The key to value creation and reconciliation is in understanding the key business drivers and increasing cash flows of the company.  Strategic initiatives to create & enhance the value of a business include:

  • Fine-tuning business model and key value drivers;
  • Profit improvement via operational factors;
  • Managing financial factors, in particular cashflows;
  • Optimising deal structure; and
  • Protecting and monetising IP.

Tax Issues to Consider and Pitfalls to Avoid in M&A Transactions

Besides the intrinsic value of the business, value can also be created by optimising tax efficiency and managing tax exposures.  Hsu Chong Hoe (Director, Tax Advisory, RSM) then shared four areas of consideration in an M&A transaction from the tax perspective:

  • Investment structuring issues
  • Tax due diligence review
  • Future income repatriation and exit tax
  • Deductions for acquisition shares and for IP rights

Chong Hoe cautioned participants to take into consideration the implications of differing tax laws for cross border transactions, and emphasised the importance of carrying out a rigorous tax due diligence exercise in any transaction.  He also shared with the participants that it is important to plan ahead for future income repatriation and exit tax, and tax incentives to maximise the benefits of M&A one can take advantage of.

Getting the deal done: Issues to watch out for in a healthcare acquisition or investment

The trajectory for healthcare, life sciences and MedTech industries in Asia remains positive and this session served as a useful primer for participants on legal issues and processes in an acquisition or investment in these industries.

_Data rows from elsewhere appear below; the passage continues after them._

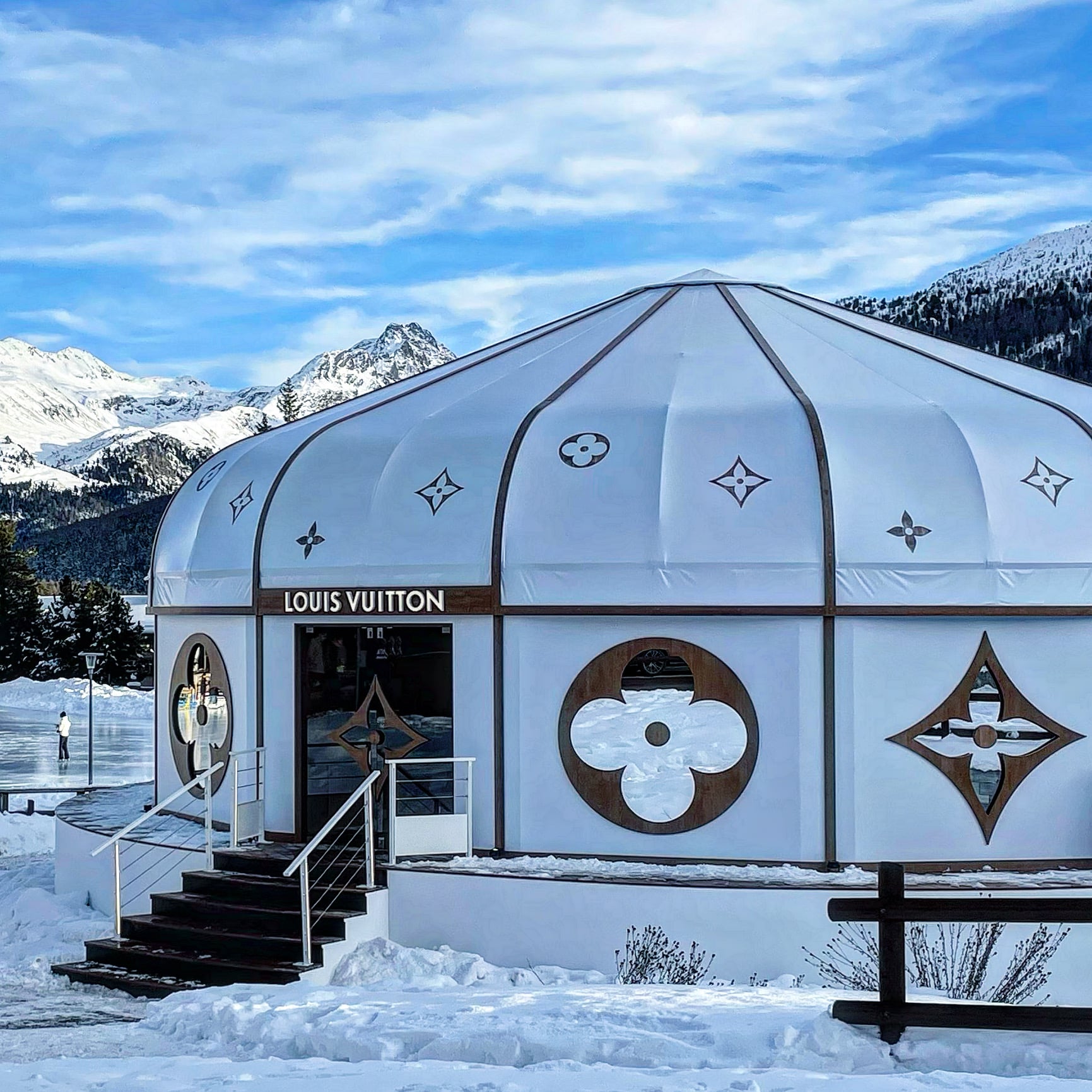 When Louis Vuitton's crew comes to Aspen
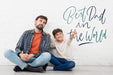 Free Son Message For Father On Fathers Day Psd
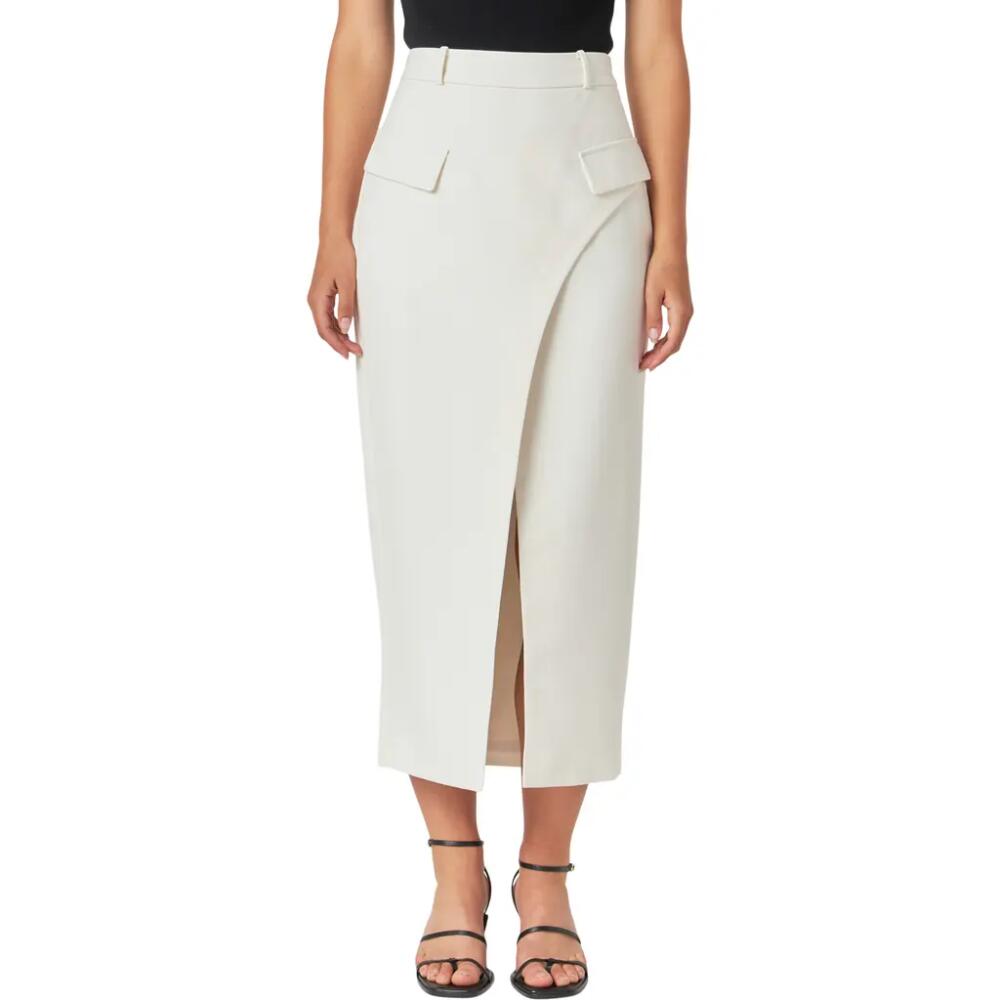 Endless Rose Faux Wrap Midi Skirt in Cream Cover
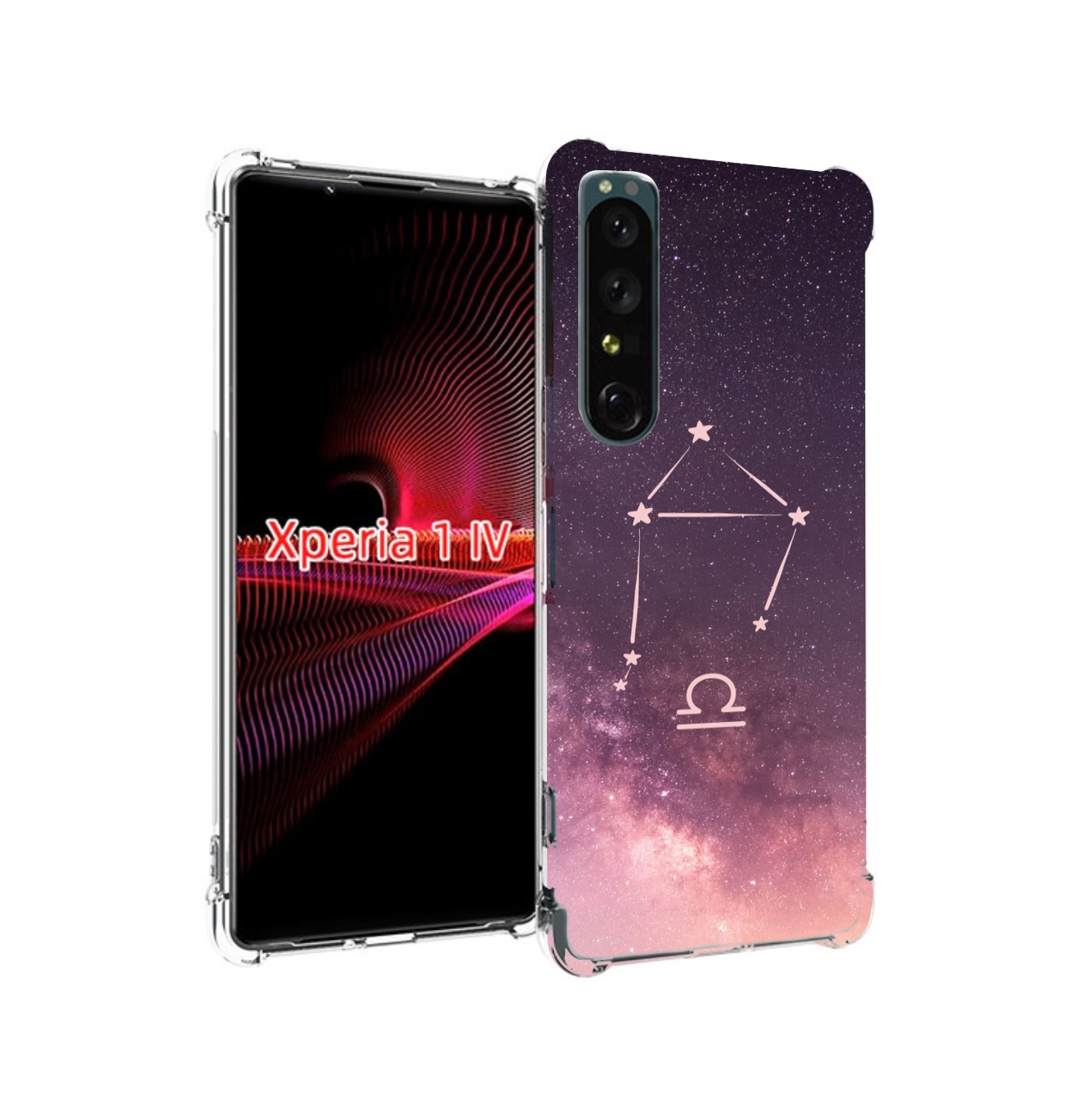 

Чехол накладка MyPads знак зодиака весы 4 для Sony Xperia 1 IV, Прозрачный, Tocco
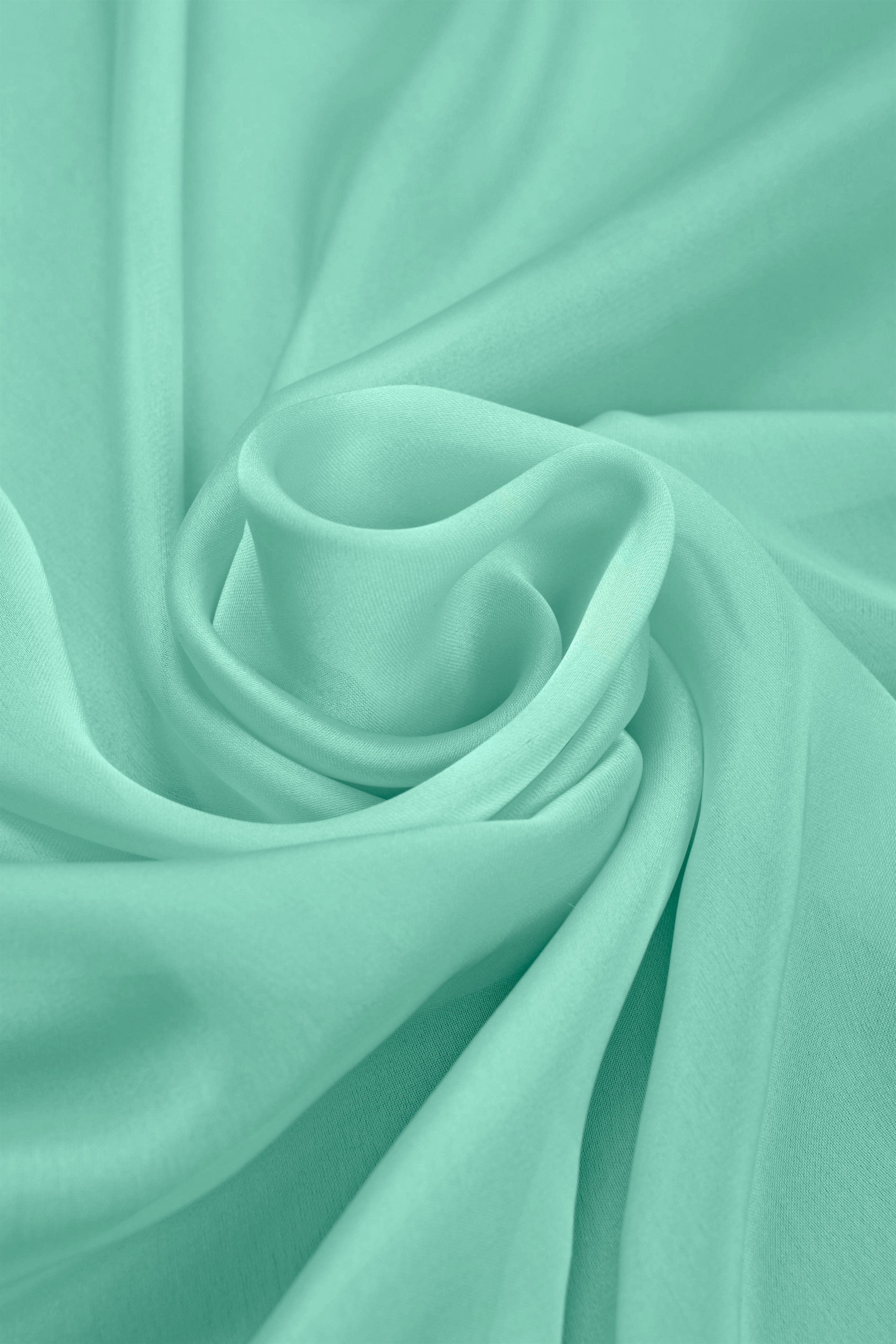 Glossy Green Plain Dyed Satin Georgette Fabric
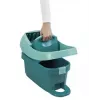 Vedro s mopovacím systémom Leifheit 55076 — ergonomický lis, veľký objem, zelená
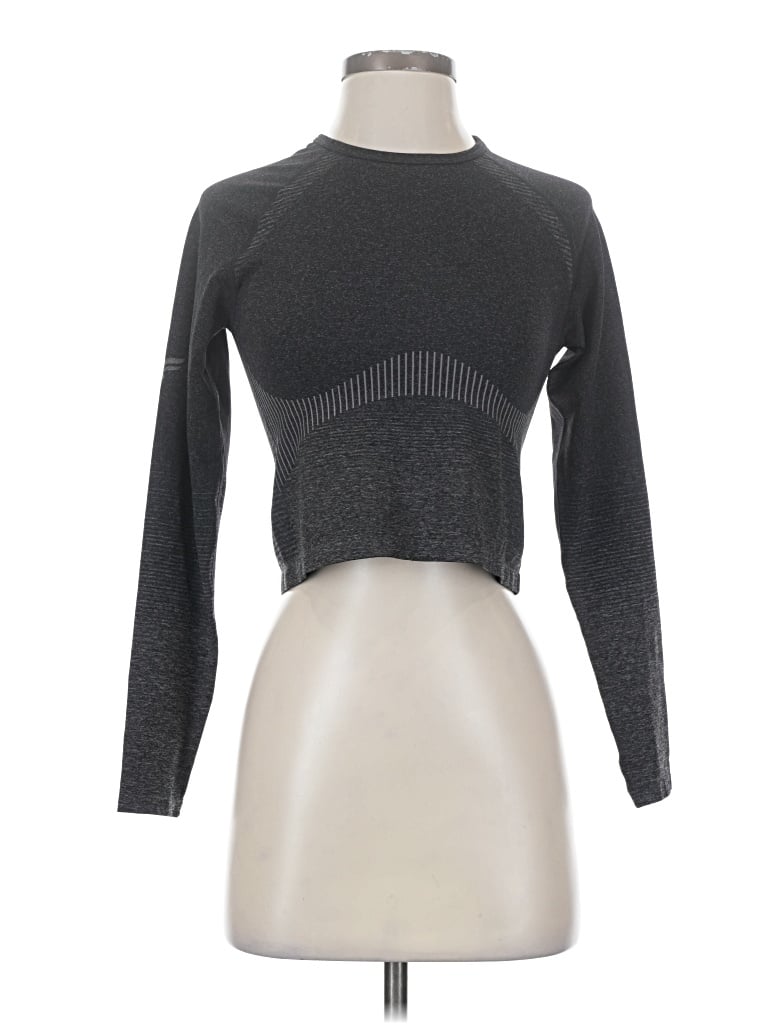 Pre-owned Fabletics Active T-shirt In Gray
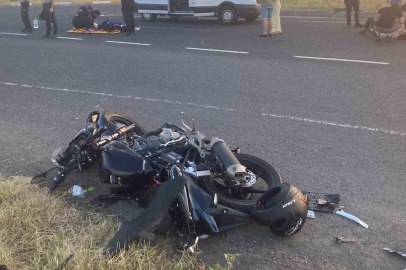 Tekirdağ'da otomobil ile motosiklet çarpıştı: 2 yaralı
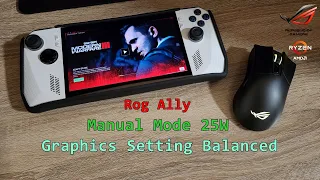 Call of Duty Modern Warfare 3 Campaign Early Access - Rog Ally Manual Mode 25W 1080P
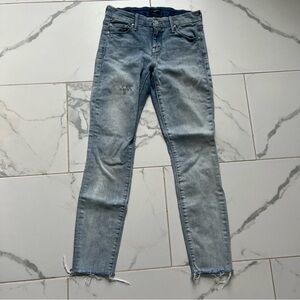 Mother Looker Ankle Jeans clear as day wash size 25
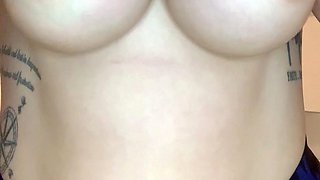 Great Big Boobs On Masturbating Redhead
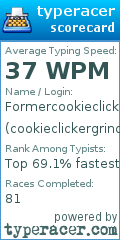 Scorecard for user cookieclickergrinder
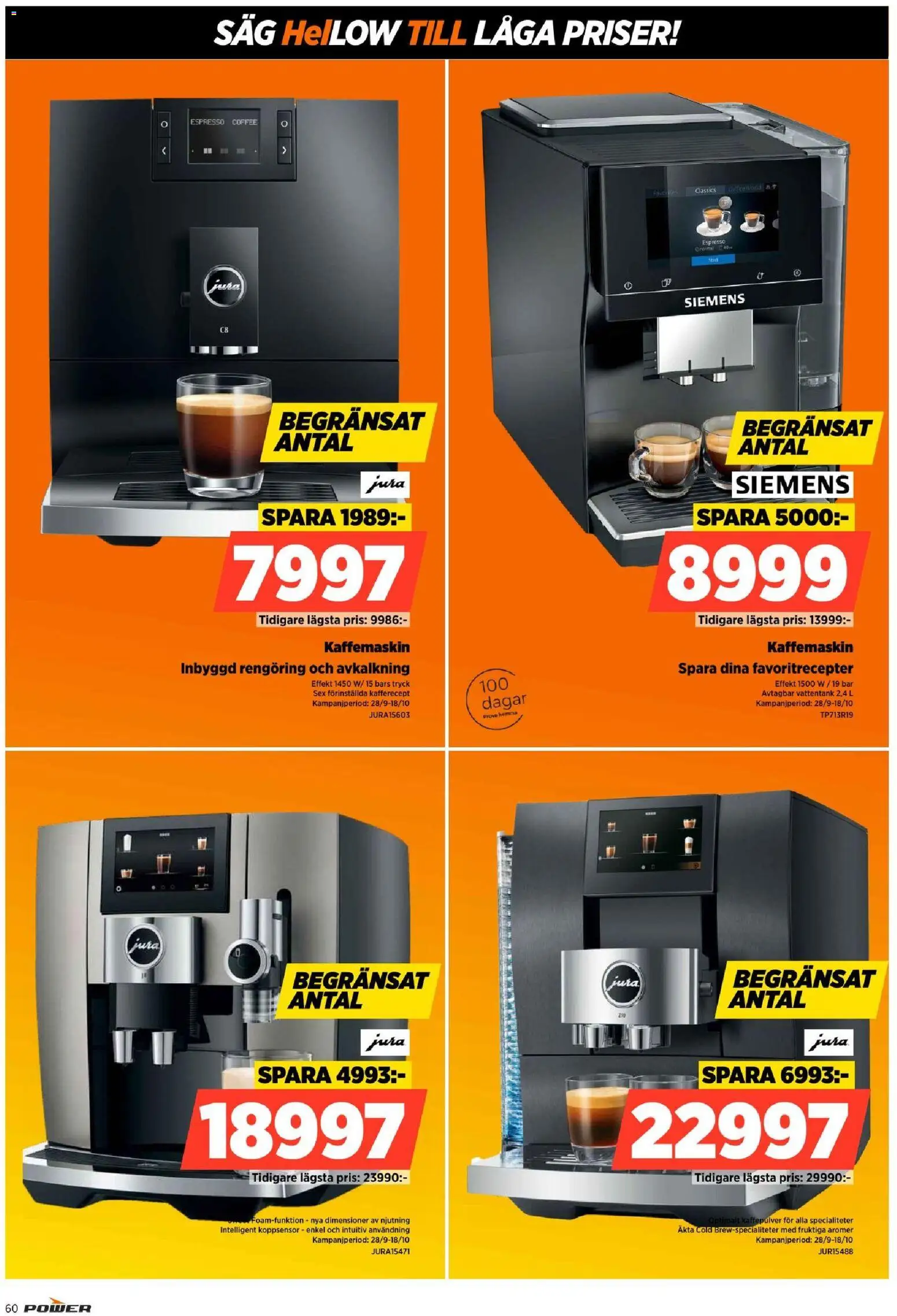 Power reklamblad aktuell från 12/10/2026 | Sida: 60 | Produkter: Såg, Kaffemaskin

In this session, Marcus Chow (Partner, Bird & Bird ATMD) covered the following salient points in getting the deal done:

  • Deals process
  • Tender versus no tender
  • Due diligence
  • Confidentiality
  • Exclusivity
  • Term sheets
  • Purchase and investment agreements
  • Shareholders and joint venture
  • Series investments (seed, Series A, corporate venture capital)
  • Legal  issues to watch out for healthcare, life sciences and MedTech

Intellectual Property Due Diligence

Anan Sivananthan (Partner, Bird & Bird ATMD) discussed some of these IP issues that are relevant to healthcare and MedTech companies:

  • Complete Patent, Design, Trademark and Copyright portfolios
  • IP Licenses
  • IP Litigation (including Patent and TM oppositions, cancellations, etc.)
  • NDAs and other contracts
  • Retained/Leaving employees - relevant IP knowledge in their possession; employment contracts (in particular, any ongoing obligations to the company concerning IP)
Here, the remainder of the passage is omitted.